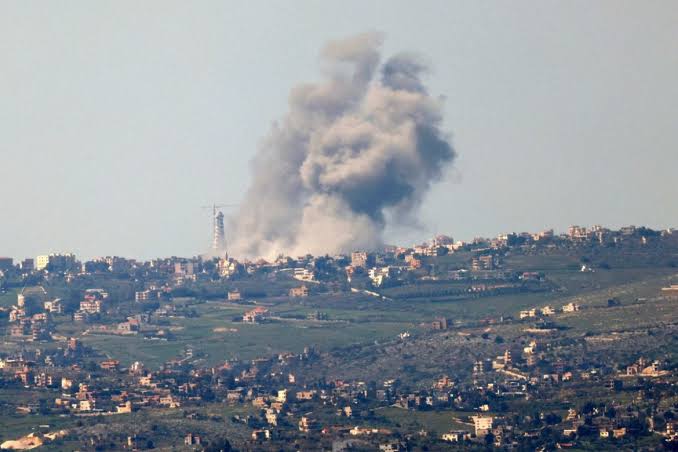 Cloud of smoke rises in Beirut.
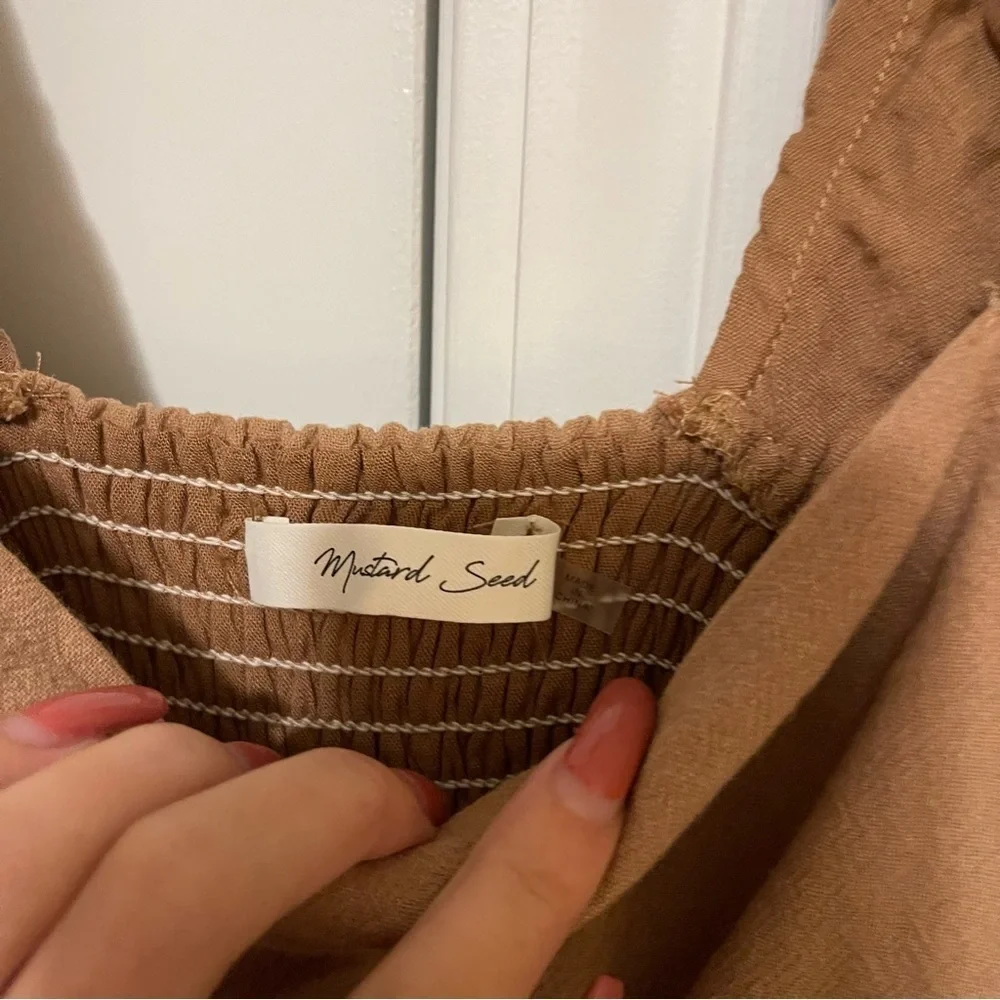 VICI Tan Smocked Puff Sleeve Romper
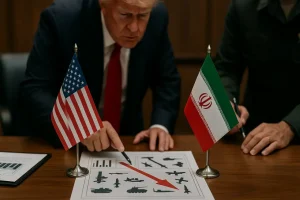 Biểu đồ về cấm vận và quân sự giữa Mỹ và Iran.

____

**ASSIGNMENT**.
Your copy should match the material above exactly, minus its pictures.

**SOLUTION**.
 Cloud of smoke rises in Beirut.
 VICI Tan Smocked Puff Sleeve Romper
 Biểu đồ về cấm vận và quân sự giữa Mỹ và Iran.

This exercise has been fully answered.